In Re Arlen

461 B.R. 550, 2011 Bankr. LEXIS 1638, 2011 WL 1667473
CourtUnited States Bankruptcy Court, W.D. Missouri
DecidedMay 3, 2011
Docket19-20277
StatusPublished
Cited by10 cases

This text of 461 B.R. 550 (In Re Arlen) is published on Counsel Stack Legal Research, covering United States Bankruptcy Court, W.D. Missouri primary law. Counsel Stack provides free access to over 12 million legal documents including statutes, case law, regulations, and constitutions.

Bluebook
In Re Arlen, 461 B.R. 550, 2011 Bankr. LEXIS 1638, 2011 WL 1667473 (Mo. 2011).

Opinion

MEMORANDUM OPINION

DENNIS R. DOW, Bankruptcy Judge.

These matters are before the Court on the Debtors’ own objections to their Chapter 13 plans, formulated after the Court granted the trustee’s motions to deny confirmation of previous versions of their Chapter 13 plans. The issues are: (1) whether a Chapter 13 plan which proposes no payment to any creditors, secured or unsecured, and satisfies only the fees of Debtors’ counsel is filed in good faith; and (2) whether Debtors whose income consists exclusively, or almost exclusively, of Social Security benefits are bound by the applicable commitment period and must remain in Chapter 13 for the periods specified in § 1325(b)(4). This Court has jurisdiction over these proceedings pursuant to 28 U.S.C. §§ 1334(b), 157(a) and 157(b)(1). These are core proceedings, pursuant to 28 U.S.C. § 157(b)(2)(L), which this Court may hear and determine and in which it may issue a final order. The following constitutes my Findings of Fact and Conclusions of Law in accordance with Rule 52 of the Federal Rules of Civil Procedure as made applicable to these proceedings by Rules 7052 and 9014(c) of the Federal Rules of Bankruptcy Procedure. For the reasons set forth below, I overrule the Debtors’ objections to their Chapter 13 plans. The Court holds that a Chapter 13 plan, the exclusive purpose of which is to pay the administrative fees of the proceeding and which makes no payment to unsecured or secured creditors, is inconsistent with the spirit and purpose of Chapter 13 and is therefore not filed in good faith. The Court also holds that the applicable commitment period requires below median Chapter 13 debtors to remain in Chapter 13 and make payments over a period of 36 months notwithstanding the fact that *552 their disposable income (and projected disposable income) are negative because their income, or a substantial portion thereof, derives from benefits received under the Social Security Act.

I. FACTUAL BACKGROUND

The facts cited below are taken from pleadings filed on the Court docket of which the Court takes judicial notice pursuant to the consent of the parties. Debtors Steven and Crystal Arlen filed a petition for relief under Chapter 13 of the Bankruptcy Code on September 27, 2010. Their Form 22C shows that they are below median. In fact, it shows no income at all for the apparent reason that, during the six-month period prior to filing, Debtors’ only income was from Social Security, which is excluded from the calculation of current monthly income, and therefore from disposable income, pursuant to the definition contained in § 101(10A).
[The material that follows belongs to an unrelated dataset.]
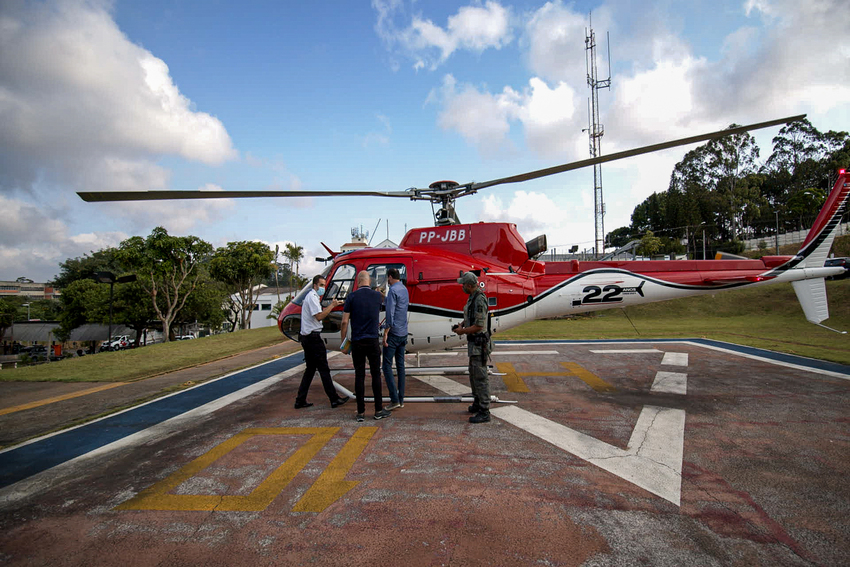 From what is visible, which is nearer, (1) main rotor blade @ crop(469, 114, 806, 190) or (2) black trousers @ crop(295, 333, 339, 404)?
(1) main rotor blade @ crop(469, 114, 806, 190)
Schedule I, on the other hand, shows total income of $1,537.00, of which $1,098.00 is Social Security. 1 Debtors’ schedule of expenses, Schedule J, shows expenses of $1,338.00 for a net monthly income of $199.00. Debtors’ original plan proposed a payment of $200.00 a month and specified that nonpriority unsecured creditors were to receive no distribution. That plan also indicated that the debt secured by Debtors’ residence was current. In other words, there was no prepetition arrearage, and the continuing monthly payments were to be paid by the Debtors directly. The collateral of the Debtors’ only other secured creditor was to be surrendered. No payments were proposed to any priority unsecured creditors for the reason that there were no such creditors. Accordingly, the only debt paid by the plan, which the trustee estimated would run for approximately 15 months, was $2,584.00 in attorney’s fees, the balance of a $3,000.00 fee after deducting the sum of $416.00 paid directly to counsel by the Debtors prior to the filing. The trustee objected to the confirmation of this plan on the grounds it was not filed in good faith and violated the provisions of § 1325(b) regarding the commitment of disposable income. The Court sustained that objection and the Debtors filed an amended plan. The only difference between the amended plan and the original plan is that the amended plan is a so-called “base” plan designed to run for a period of 36 months. Debtors have objected to their own plan, arguing their prior plan should have been confirmed by the Court and it therefore should have been unnecessary for them to make this amendment.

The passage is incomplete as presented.